Army nurses washed Evison’s hair and shaved his face in preparation for the arrival of his parents, his sister Lizzy, and a small number of his closest friends. Mrs. Evison noticed the suntan marks on her son’s feet where he had been wearing flip-flops inside the base, and that he still sweated. Evison’s treatment book from Camp Bastion recorded details of the more than thirty pints of blood and a similar amount of plasma and platelets he’d been given. In it, Padre Eddie Wynn, an army chaplain, wrote of the privilege it had been to sit with him during his final hours. “Your family loves you and I know that you will rest in peace in God’s loving arms.” At 10:23 a.m. on May 12, Margaret and David Evison turned off their son’s life-support machine.

In his tribute to Evison, Thorneloe declared: “He was a natural leader—tactically astute, clear sighted and cool and decisive under pressure.
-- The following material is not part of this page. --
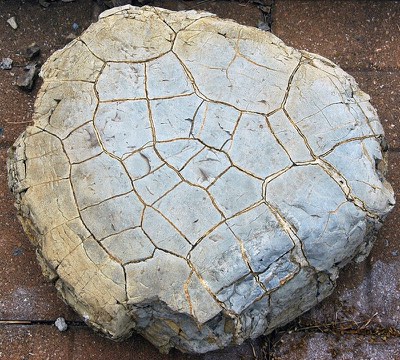 Septarian Nodule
I suspect that his life, tragically cut short, would have gone on to shape history.”

[Eventually], it was learned that Evison had probably been killed by friendly fire. A Ministry of Defence report by a firearm and tool mark examiner had determined that the bullet that killed Evison was a 7.62 x 51 mm round—commonly known as a 7.62 NATO—of the type fired by a GPMG. While there was the remote possibility that the Taliban had been firing a weapon captured from the British, the strong likelihood was that he had been hit by GPMG rounds fired from CP Haji Alem. The fort was directly opposite compound 1 whereas the Taliban positions were at a more oblique angle to the doorway where Evison had been shot. “[Expletive] hell, no,” said Guardsman Caswell. “It couldn’t have been, could it? It never even occurred to me. I was content in the knowledge that [the Taliban] took him out. That’s too much.”
For Caswell, the prospect that Evison might well have been killed by one of his own men underlined the futility of Helmand. His beloved platoon com-mander, whose grave he still visited each year, had been leading a patrol that had no discernible purpose from a base that was in the wrong place. The radios did not work, medical equipment was inadequate and the helicopter had taken over an hour to arrive. After CP Haji Alem was evacuated, it was bombed by NATO forces to prevent it being used by the Taliban, its ruins left as a monument to military folly.